- Directed by: Peter Friedman Jean-François Brunet
- Release date: 1995;

= Death by Design: The Life and Times of Life and Times =

Death by Design is a 1995 science documentary directed by Peter Friedman and Jean-François Brunet of the Ecole Normale Supérieure in Paris which focuses on cell biology, with an emphasis on programmed cell death and why our lives depend on it.

==Cast==
Featured are prominent biologists such as Nobel prize laureate Rita Levi-Montalcini (along with her artist twin sister Paola Levi-Montalcini), Martin Raff, Polly Matzinger, Pierre Golstein, and Nobel laureate Robert Horvitz.

==Notable elements==
The documentary is notable for its combination of a whimsical use of metaphors with scientific rigor, and incorporates animation, micro-cinematography, and scenes from old Hollywood films and stock footage, including Busby Berkeley-choreographed dance routines.
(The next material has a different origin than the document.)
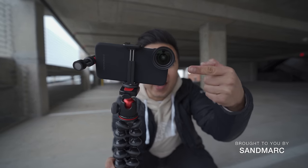So you want to vlog with your phone. That's cool, but why not deck out your phone with a cool tripod, a high-quality mic, and some dope lenses from Sandmarc.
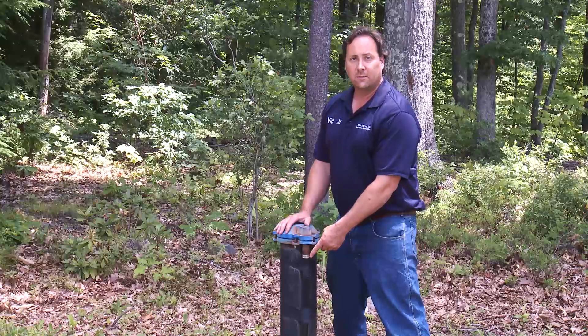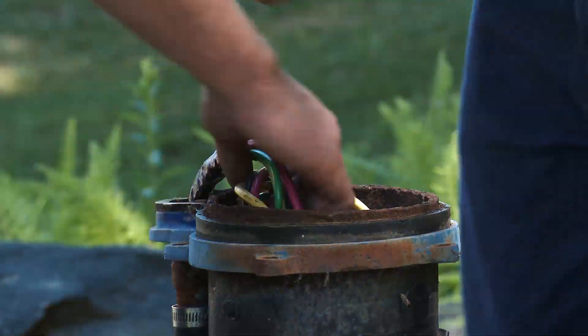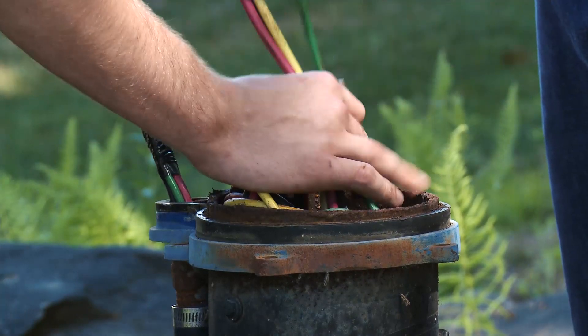You might notice that you have a conduit on the outside of your well — this is how power gets to your pump. Take caution because there is high voltage in this pipe.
The opening scene features the trailer from the 1950s science fiction film It Came From Outer Space. (Note: "The Life and Times of Life and Times" is a separate film that is included on the same DVD).

==Awards==
Winner of: The Prix Euopa in Berlin for Best Non-Fiction Film of the Year, The Earthwatch Environmental Film Award, The Audience Award, Marseille International Documentary Film Festival, France
The Jury Prize, Visions du Réel International Documentary Films, Nyon, Switzerland, The Golden Gate Award, 1996 San Francisco International Film Festival, The Jury Prize, Thomas Edison Film Festival, New Jersey, 1996, The Gold Apple, National Educational Media Network Awards, California, 1996, The Grand Jury Prize, Festival du Film de Chercheur, France, 1996, The Bell-Northern Prize for Scientific Excellence and the Pratt & Whitney Prize for Excellence in Science Popularization at the Québec Science Film Festival.